Coincidentally around the 1970s when Susan Hendrickson started her conch pearl collection, the conch-fishing industry ignited in the Caribbean and experienced a rapid boom. By the mid-1970s thousands of tons of queen conches were harvested and their meat exported to meet an ever-increasing international demand. Initially what began as a sustainable food business supplying the domestic markets to satisfy the palettes of the local population, expanded in the next 20 years into a major export industry.
An important by product of this thriving conch meat industry was the rare conch pearls, which were produced in substantial quantities by these Caribbean States. Unfortunately there were no buyers for these pearls as there was no demand for conch pearls in the jewelry industry. The pearls were purchased only by pearl enthusiasts and collectors, and prominent among these collectors was Susan Hendrickson, the renowned marine archaeologist, paleontologist and professional diver, who gained international fame for her discovery in 1990 in the Black Hills of South Dakota, one of the largest, most complete and best preserved fossil skeletons of Tyrannosaurus rex. She also took a keen interest in the collection of amber and conch pearls during her expeditions to the Dominican Republic and some other Caribbean countries.

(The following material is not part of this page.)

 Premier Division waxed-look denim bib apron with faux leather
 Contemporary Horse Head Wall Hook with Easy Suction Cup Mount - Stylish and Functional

Susan Hendrickson traveled through many Caribbean States, from town to town, fisherman to fisherman and diver to diver, always asking for conch pearls. Her first great conch pearl of considerable size, a 10-carat beauty with excellent pink color and flame structure, came in the late 1970s from a fisherman in the Dominican Republic. In the absence of the fisherman, she negotiated with his wife for three days, as she was reluctant to sell without her husband's permission. Eventually she bought the pearl for $50, much higher than the usual $10 she paid for a conch pearl. This was twice the amount that was needed for an average person in the Dominican Republic to survive for a month, which was $25. Hendrickson herself was surviving in the Dominican Republic at that time on $100 per month. The market value of a 10-carat pearl of that color and beauty would today be around $25,00 to $35,000.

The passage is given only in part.